Data excerpts
:::::

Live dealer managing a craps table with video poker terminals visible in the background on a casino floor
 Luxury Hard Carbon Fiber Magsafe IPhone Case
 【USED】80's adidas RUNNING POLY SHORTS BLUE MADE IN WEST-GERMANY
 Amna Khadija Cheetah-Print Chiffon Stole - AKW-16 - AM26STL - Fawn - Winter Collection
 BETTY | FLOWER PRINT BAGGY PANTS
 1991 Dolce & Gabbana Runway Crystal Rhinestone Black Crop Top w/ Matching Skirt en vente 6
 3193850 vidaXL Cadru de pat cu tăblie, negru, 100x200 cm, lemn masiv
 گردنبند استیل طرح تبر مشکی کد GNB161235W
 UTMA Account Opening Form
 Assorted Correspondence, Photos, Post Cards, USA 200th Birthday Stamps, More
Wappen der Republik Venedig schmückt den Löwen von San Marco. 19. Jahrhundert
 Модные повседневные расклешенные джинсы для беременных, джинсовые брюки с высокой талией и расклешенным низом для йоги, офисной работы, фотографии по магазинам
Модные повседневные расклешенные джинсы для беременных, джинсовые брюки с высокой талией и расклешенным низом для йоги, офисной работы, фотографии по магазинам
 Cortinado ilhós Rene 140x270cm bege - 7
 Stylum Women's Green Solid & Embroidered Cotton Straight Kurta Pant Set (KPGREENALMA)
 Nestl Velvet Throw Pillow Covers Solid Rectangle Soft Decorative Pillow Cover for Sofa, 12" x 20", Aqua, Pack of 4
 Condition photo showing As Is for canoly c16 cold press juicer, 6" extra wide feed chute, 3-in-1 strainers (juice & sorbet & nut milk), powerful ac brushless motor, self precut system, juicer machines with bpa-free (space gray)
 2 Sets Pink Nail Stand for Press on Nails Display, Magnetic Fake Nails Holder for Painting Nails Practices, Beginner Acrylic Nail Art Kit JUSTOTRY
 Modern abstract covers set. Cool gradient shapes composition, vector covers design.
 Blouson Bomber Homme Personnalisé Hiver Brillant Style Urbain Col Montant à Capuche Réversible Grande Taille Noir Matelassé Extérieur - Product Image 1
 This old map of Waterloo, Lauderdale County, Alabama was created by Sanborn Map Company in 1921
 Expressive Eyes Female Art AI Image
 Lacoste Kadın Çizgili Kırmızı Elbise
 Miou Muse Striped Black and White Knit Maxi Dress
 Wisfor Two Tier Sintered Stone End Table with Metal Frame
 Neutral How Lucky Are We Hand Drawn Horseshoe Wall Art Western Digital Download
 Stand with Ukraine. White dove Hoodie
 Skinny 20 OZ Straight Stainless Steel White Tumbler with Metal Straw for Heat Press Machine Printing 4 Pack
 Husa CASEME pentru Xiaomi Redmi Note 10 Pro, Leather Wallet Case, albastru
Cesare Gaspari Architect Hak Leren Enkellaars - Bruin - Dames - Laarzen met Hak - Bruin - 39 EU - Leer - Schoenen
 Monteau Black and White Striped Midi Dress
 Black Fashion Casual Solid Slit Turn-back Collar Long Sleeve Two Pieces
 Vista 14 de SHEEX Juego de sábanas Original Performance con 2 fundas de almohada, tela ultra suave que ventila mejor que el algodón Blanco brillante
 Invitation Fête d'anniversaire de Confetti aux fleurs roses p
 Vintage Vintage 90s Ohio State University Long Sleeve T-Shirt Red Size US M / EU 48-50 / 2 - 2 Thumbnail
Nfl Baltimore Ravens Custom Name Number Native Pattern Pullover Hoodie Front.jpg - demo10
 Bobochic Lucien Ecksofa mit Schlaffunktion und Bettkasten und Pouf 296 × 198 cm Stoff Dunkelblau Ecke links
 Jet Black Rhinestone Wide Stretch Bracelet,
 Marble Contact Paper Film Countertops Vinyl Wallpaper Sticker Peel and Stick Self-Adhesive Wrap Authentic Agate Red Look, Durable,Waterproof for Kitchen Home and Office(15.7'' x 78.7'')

:::::

● Task brief: Of the entries above, repeat exactly the lines between the line with "Modern abstract covers" and the line with "Blouson Bomber Homme", inclusive, and no others.

● Problem solution:
 Modern abstract covers set. Cool gradient shapes composition, vector covers design.
 Blouson Bomber Homme Personnalisé Hiver Brillant Style Urbain Col Montant à Capuche Réversible Grande Taille Noir Matelassé Extérieur - Product Image 1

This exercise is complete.